# GIVEN DATA
- - - - -
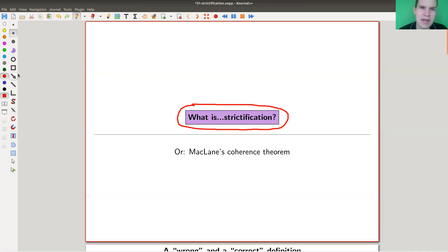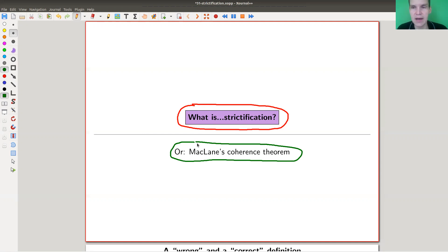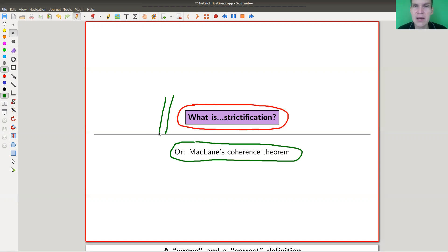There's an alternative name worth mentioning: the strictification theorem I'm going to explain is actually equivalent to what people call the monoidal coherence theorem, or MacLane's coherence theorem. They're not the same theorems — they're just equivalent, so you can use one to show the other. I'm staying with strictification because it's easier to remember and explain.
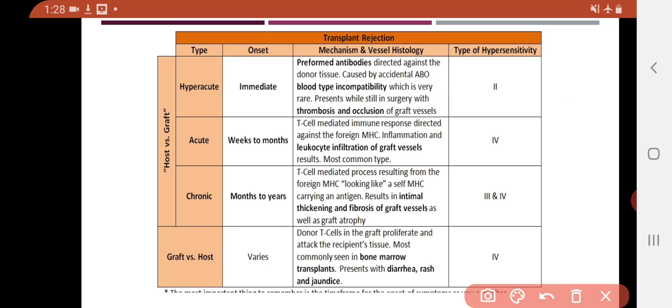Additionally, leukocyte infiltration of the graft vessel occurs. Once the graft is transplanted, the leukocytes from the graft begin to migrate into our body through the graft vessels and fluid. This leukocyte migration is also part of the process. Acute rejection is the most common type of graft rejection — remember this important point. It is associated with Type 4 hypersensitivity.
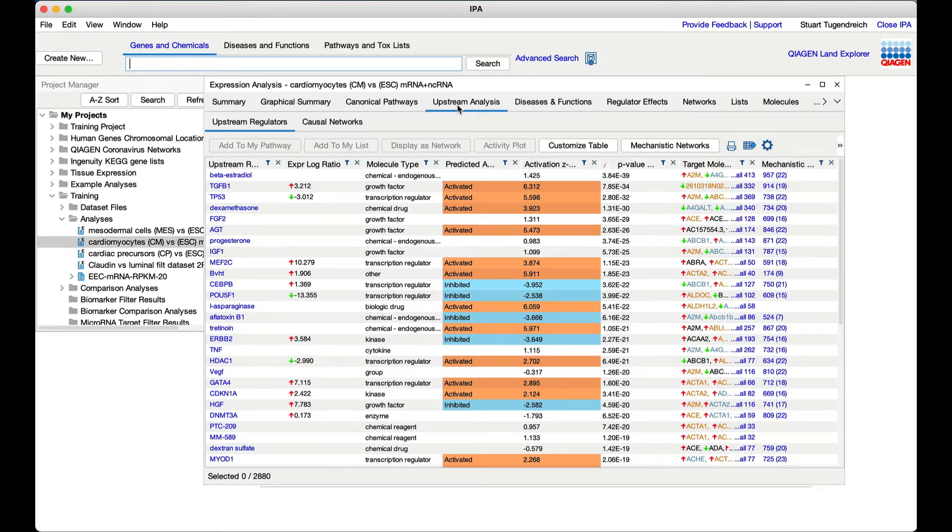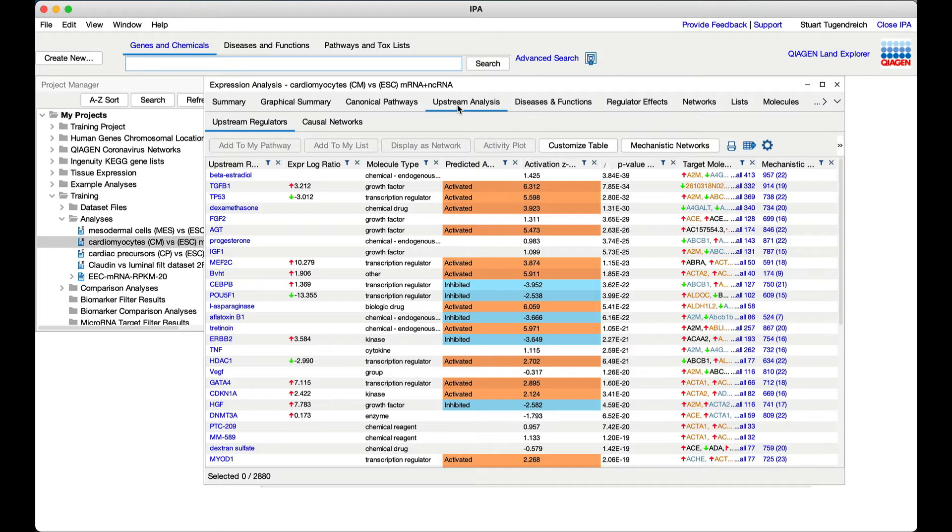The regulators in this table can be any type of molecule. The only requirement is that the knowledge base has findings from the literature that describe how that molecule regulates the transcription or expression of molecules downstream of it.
- - - - -
Without the pictures, write out the whole listing above exactly as it appears.

# REPLY
There's an alternative name worth mentioning: the strictification theorem I'm going to explain is actually equivalent to what people call the monoidal coherence theorem, or MacLane's coherence theorem. They're not the same theorems — they're just equivalent, so you can use one to show the other. I'm staying with strictification because it's easier to remember and explain.
Additionally, leukocyte infiltration of the graft vessel occurs. Once the graft is transplanted, the leukocytes from the graft begin to migrate into our body through the graft vessels and fluid. This leukocyte migration is also part of the process. Acute rejection is the most common type of graft rejection — remember this important point. It is associated with Type 4 hypersensitivity.
The regulators in this table can be any type of molecule. The only requirement is that the knowledge base has findings from the literature that describe how that molecule regulates the transcription or expression of molecules downstream of it.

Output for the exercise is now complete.